The Government was formed after a bit of a hiatus. As Deputy Murphy said, nobody envisaged what happened. Nobody voted for the current minority Government arrangement but it is what we were left with when those who could command a majority - who are not currently in the Chamber - decided they would not. Members who believed the responsible thing to do was to remain in opposition to keep in check those who would otherwise run amok did so and that has to be respected. Nobody voted for these arrangements but people now respect that the Members who decided to saddle up and take responsibility, whether in government or through constructive opposition, are doing so in the best interests of the country because we have learned from our collective mistakes. No Member is claiming he or she has not made a mistake. Any that would claim never to have made a mistake have never made anything and are about as useful to the public as a chocolate teapot. I have no problem taking criticism or abuse and I get my fair share of it from an online group who constantly look for a new name to call me. There are no prizes for guessing who those people are. However, they have nothing to offer Ireland at the moment and nothing concrete to suggest within budget or reason.

Members should be honest with people and tell them there are massive problems such as those in health, which has received the largest budget allocation, although I will refrain from going through the figures.

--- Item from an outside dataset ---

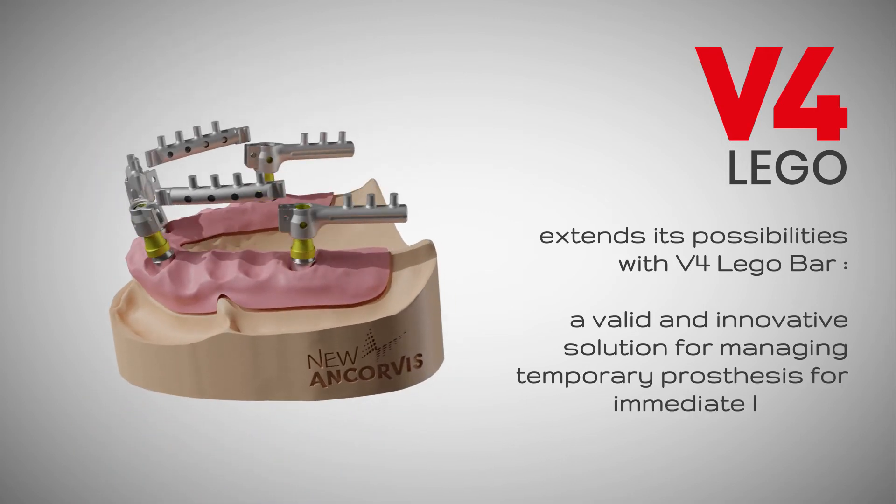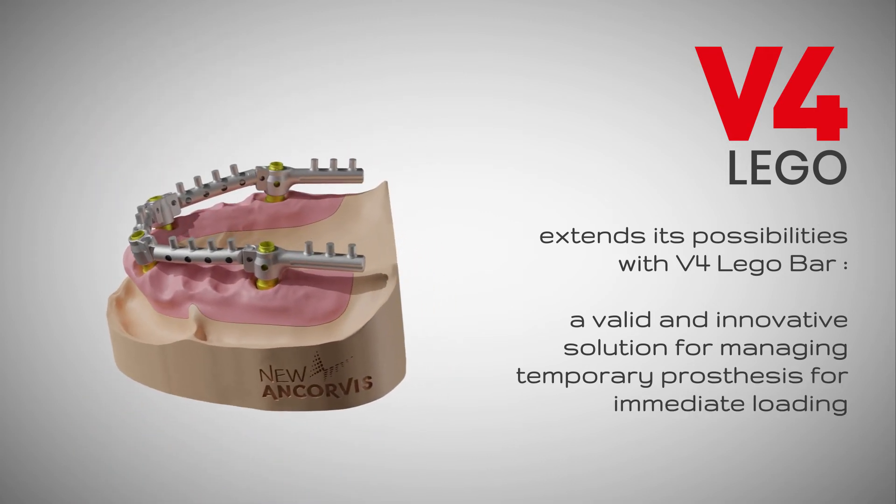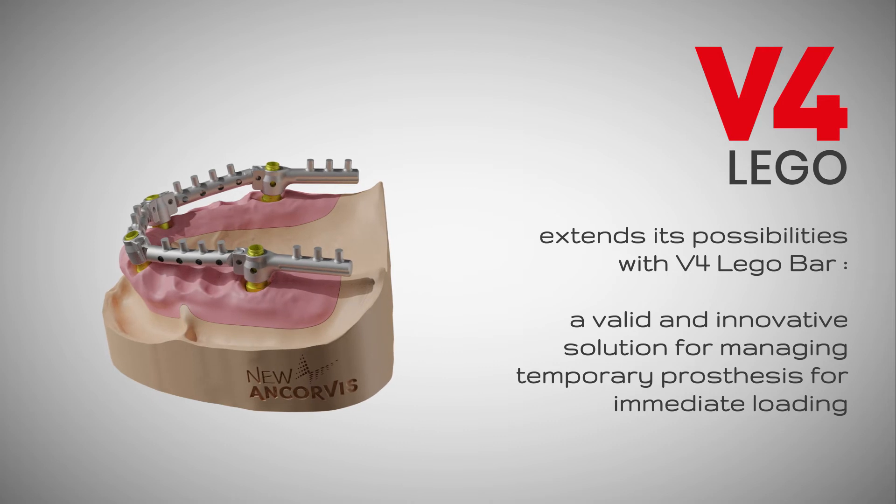VuQuattro LEGO Bar consists of multiple components which can be interchanged: threaded joints with variable angles, telescopic elements, end joints, and cantilever joints.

There are huge problems in housing and in regional Ireland. If there were not, we would not be here. If there were not massive problems, we would have to ask ourselves what we are doing here. We must take, as I said, a collective decision of political cop-on. What we have at present is probably the way it will be for a long time, given the trends that have emerged in Ireland - voting trends, not opinion polls. We will be left with a different political dynamic. The two largest political parties here controlled 80% of the vote when I was a young fellow. Now they control 50% of the vote or thereabouts. I believe the new political reality is here for a long time to come. We can decide to take on board the knockers, the moaners and the people who have nothing fruitful to offer or we can decide we have an obligation to the people who elected us, whatever about the people who elected other Deputies, the citizenry that expects a responsible Government to tell it the truth, learn from the past and ensure we try to do things better than what happened before. People are withered from the "she said, we said, they said" and all the problems. They are living with the problems. Their children lost their jobs and houses and had to go to Australia. Will recrimination bring them back? No. However, we might provide their grandchildren with an opportunity their children may have lost. It is not that this budget fixes all the problems overnight, but it does give us a charter, a blueprint and a way out to where we can go as a country again. If one considers the remarkable transformation that has happened in numbers - I know some of them are telephone numbers - in a very short period, it is remarkable what the people have managed to achieve.

That is a good point on which to interrupt the Minister of State and ask him to propose the adjournment of the debate. We have just passed 10 o'clock.

I will finish on this. There are an awful lot of very positive measures in this budget, even if not everything is all right. As a Minister of State in the Departments of Finance and Public Expenditure and Reform, I pay tribute to the officials who have put the budget together and who worked very hard, including the Minister, who took on board everyone's suggestions. What we now have is a way out of where we have come from and a better trajectory for where Ireland needs to go to. I move the adjournment.

Deputy McLoughlin will be in possession when the debate resumes.

Debate adjourned.
The Dáil adjourned at 10.05 p.m. until 10 a.m. on Thursday, 12 October 2017.